So far I have not had that much luck getting the models to learn the Kiksht grammar and morphology via in-context learning, I think the model will have to be trained on the corpus to actually work for it. I think this mostly makes sense, since they have functionally nothing in common with western languages.
To illustrate the point a bit: the bulk of training data is still English, and in English, the semantics of a sentence are mainly derived from the specific order in which the words appear, mostly because it lost its cases some centuries ago. Its morphology is mainly "derivational" and mainly suffixal, meaning that words can be arbitrarily complicated by adding suffixes to them. So baked into English is word order that sometimes we insert words into sentences simply to make the word order sensible. e.g., when we say "it's raining outside", the "it's" refers to nothing at all—it is there entirely because the word order of English demands that it exists.

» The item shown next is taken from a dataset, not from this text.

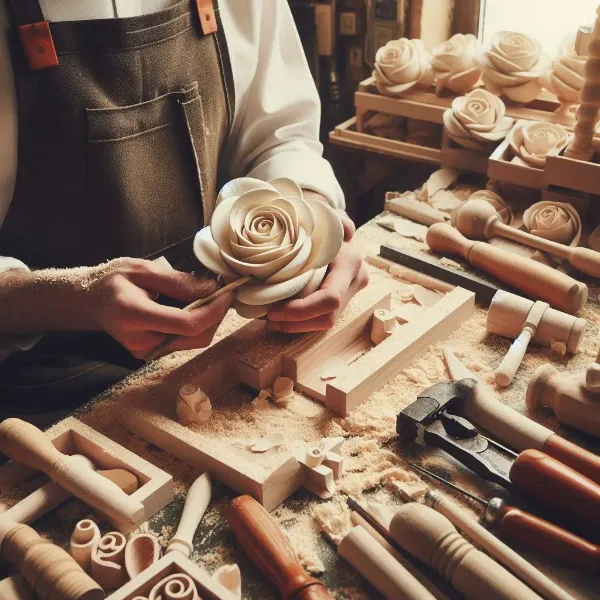 白いバラｘ木工職人　（18枚）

Kiksht in contrast is completely different. Its semantics are nearly entirely derived from triple-prefixal structure of (in particular) verbs. Word ordering almost does not matter. There are, like, 12 tenses, and some of them require both a prefix and a reflective suffix. Verbs are often 1 or 2 characters, and with the prefix structure, a single verb can often be a complete sentence. And so on.
I will continue working on this because I think it will eventually be of help. But right now the deep learning that has been most helpful to me has been to do things like computational typology. For example, discovering the "vowel inventory" of a language is shockingly hard. Languages have somewhat consistent consonants, but discovering all the varieties of `a` that one can say in a language is very hard, and deep learning is strangely good at it.

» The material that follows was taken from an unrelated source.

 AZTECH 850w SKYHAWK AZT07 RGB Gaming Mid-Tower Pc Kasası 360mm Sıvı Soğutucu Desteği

I am also working on low-resource languages (in Central America, but not my heritage). I see on Wikipedia [0] it seems it's a case of revival. Are you collecting resources/data or using existing? (I see some links on Wikipedia).
We are fortunate to have a (comparatively) large amount of written and recorded language artifacts. Kiksht (and Chinookan languages generally) were heavily studied in the early 1900s by linguists like Sapir.
re: revival, the Wikipedia article is a little misleading, Gladys was the last person whose first language was Kiksht, not the last speaker. And, in any event, languages are constantly changing. If we had been left alone in 1804 it would be different now than it was then. We will mold the language to our current context just like any other people.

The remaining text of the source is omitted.